Dr. Malgorzata Wojtas LL.M. (Viadrina)

Polen stärkt die Mediation als Instrument der Streitbeilegung – und geht im Bauwesen einen bemerkenswerten Schritt weiter: Mit der Reform des Zivilverfahrensrechts vom 5. August 2025 (Dz.U. vom 26.08.2025, Pos. 1172) wird in wirtschaftlichen Streitigkeiten in Bausachen eine vorgeschaltete Mediation grundsätzlich verpflichtend. Das gilt ab dem 1. März 2026 für B2B-Streitigkeiten aus Bauverträgen. Für deutsch-polnische Projekte bedeutet das: Streitmanagement neu denken, Kosten- und Zeiteffekte aktiv nutzen. Zugleich liefert der polnische Ansatz wertvolle Impulse für den deutschen Rechtsraum.

Mediation in Polen: Rechtliche Grundlagen

Die Mediation hat in Polen in den letzten Jahren kontinuierlich an Bedeutung gewonnen.

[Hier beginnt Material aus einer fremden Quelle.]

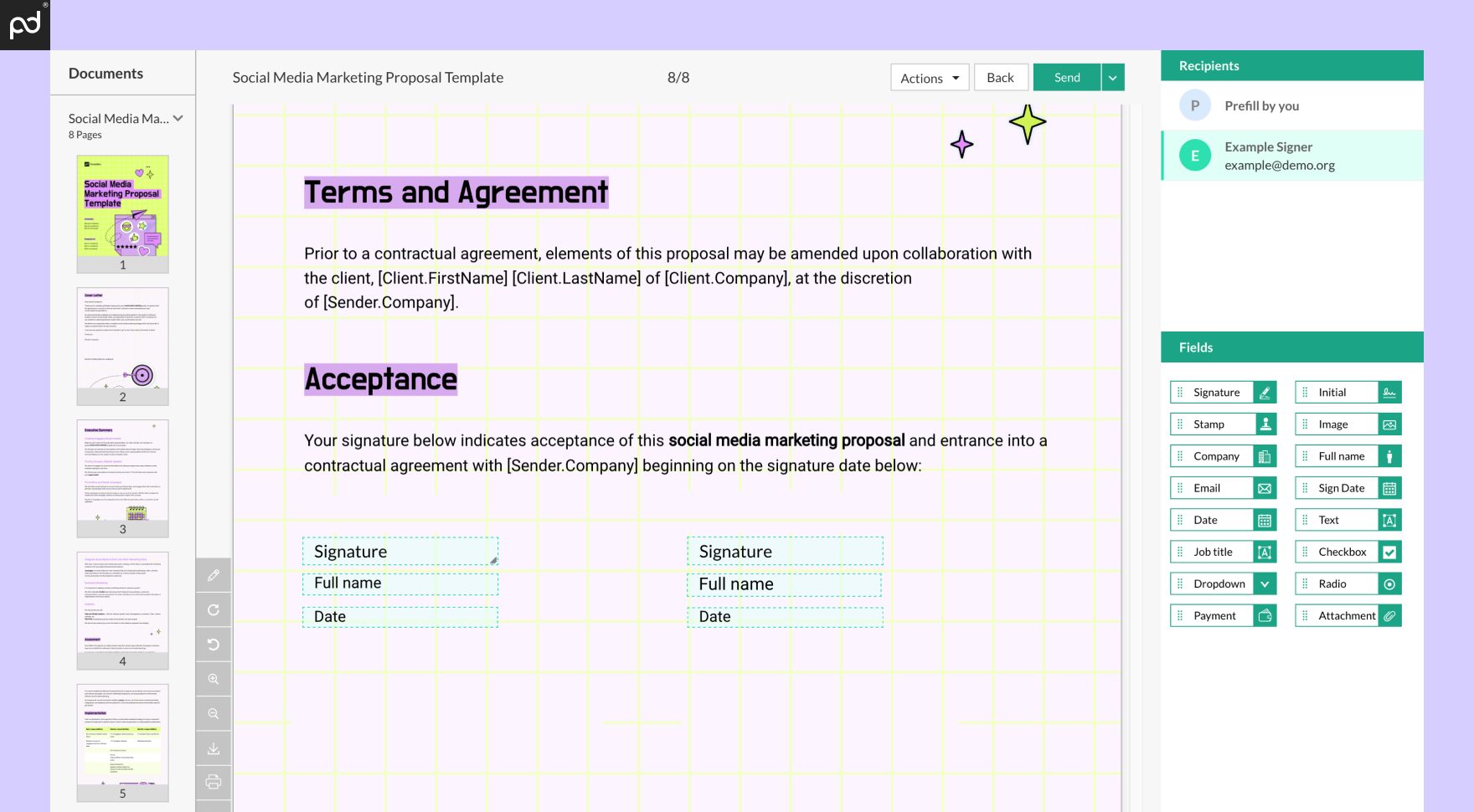 Image from 8 SignNow alternatives that will improve your eSignature process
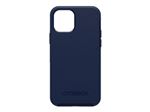 Coque de protection avec MagSafe pour iPhone 12/12 Pro OtterBox Symmetry Series+ Bleu marine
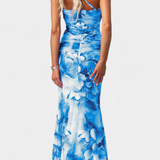 Abigail Μακρυμάνικο Φλοράλ Φόρεμα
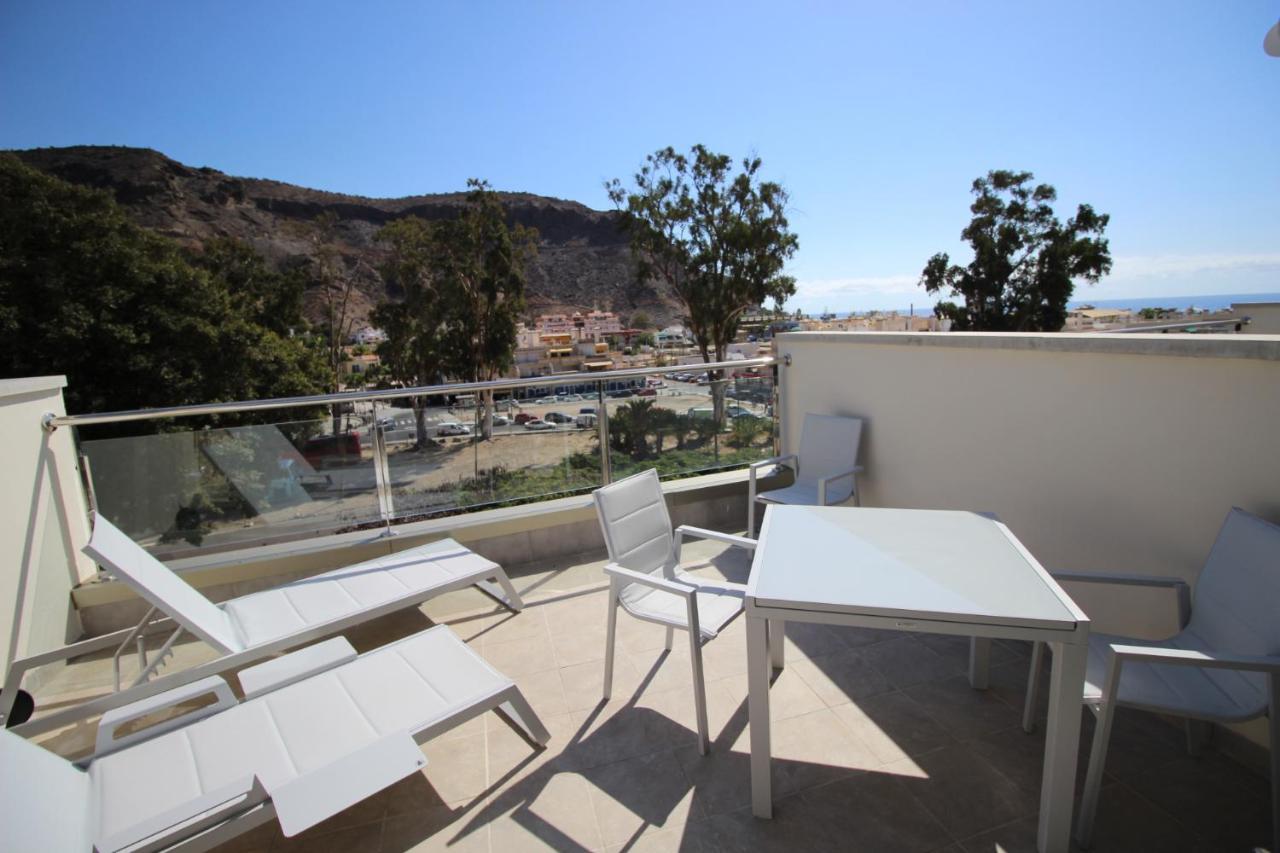 Sun, Sea And Rocks Apartment Puerto De Mogan Bagian luar foto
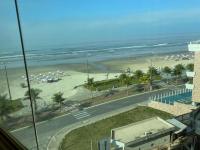 Lindo e novo apto à beira-mar em Caiçara - Praia Grande - Chambres d’hôtes Praia Grande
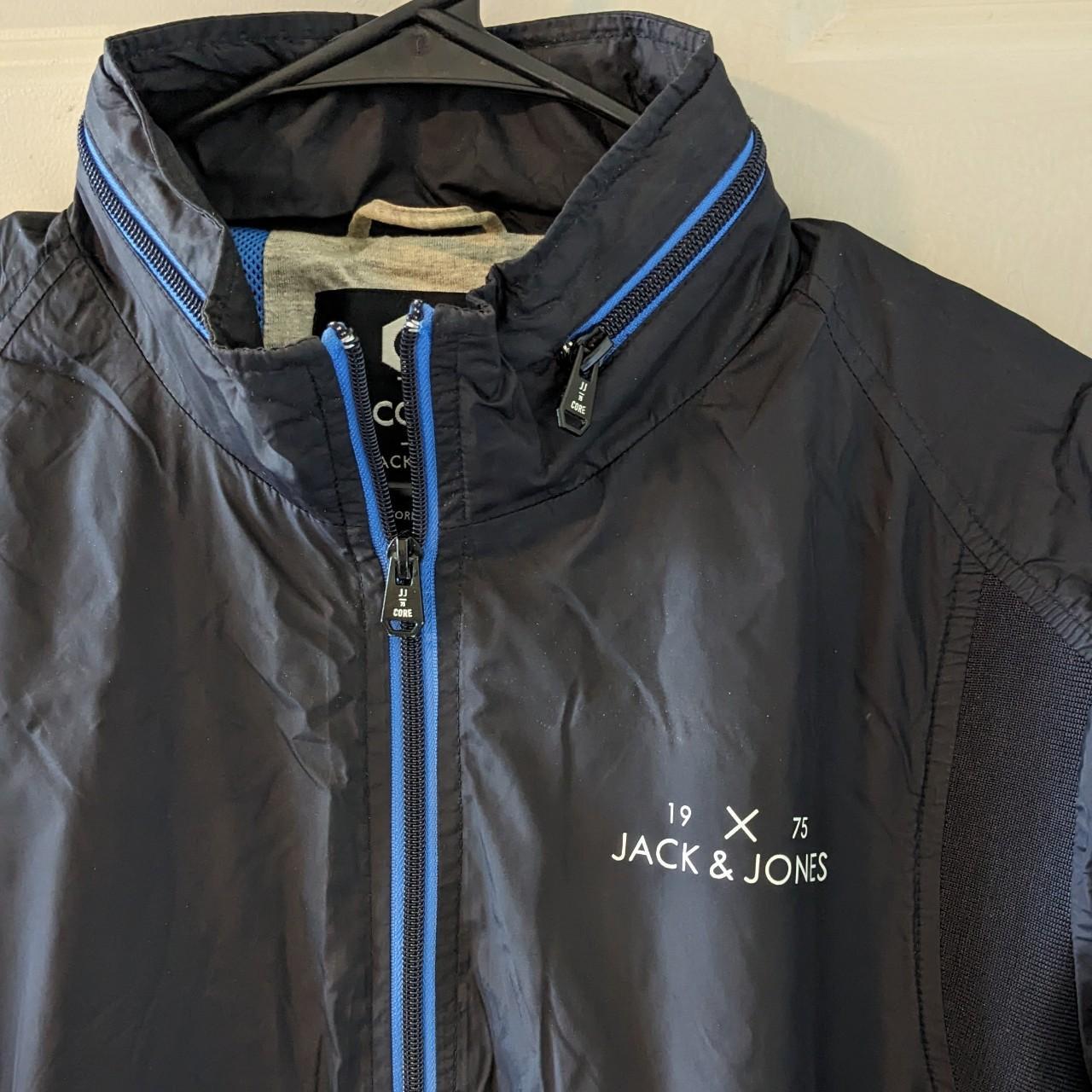 Jack and jones hot sale windcheater jacket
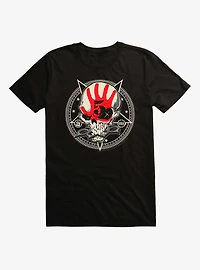 Five Finger Death Punch Knucklehead Star T-Shirt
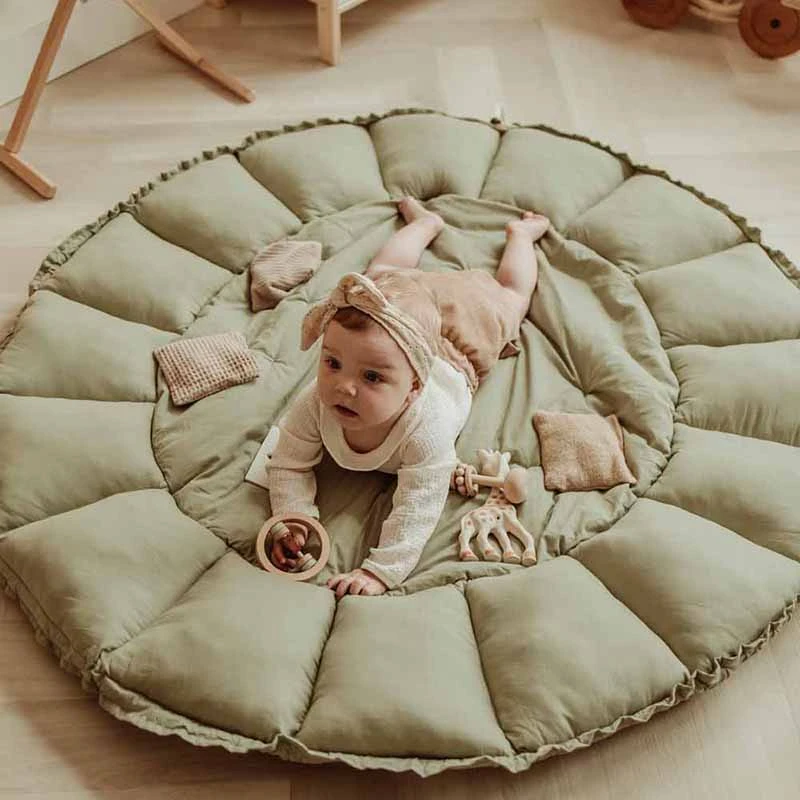 3 In 1 Spielmatte „Bloom“ (Meadow Green) 10 3 In 1 Spielmatte „Bloom“ (Meadow Green) – Bild 8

Ursprünglich in den 1990er Jahren von der strafrechtlichen Mediation in Deutschland inspiriert, hat das polnische Mediationssystem einen eigenständigen Weg eingeschlagen. Ein wesentlicher Unterschied zu Deutschland ist die Rolle des Mediators/der Mediatorin im Zivilverfahren: Während in Deutschland das Institut des Güterichters eine zentrale Rolle spielt, wird die Mediation in Polen ausschließlich durch externe, unabhängige Mediator:innen durchgeführt.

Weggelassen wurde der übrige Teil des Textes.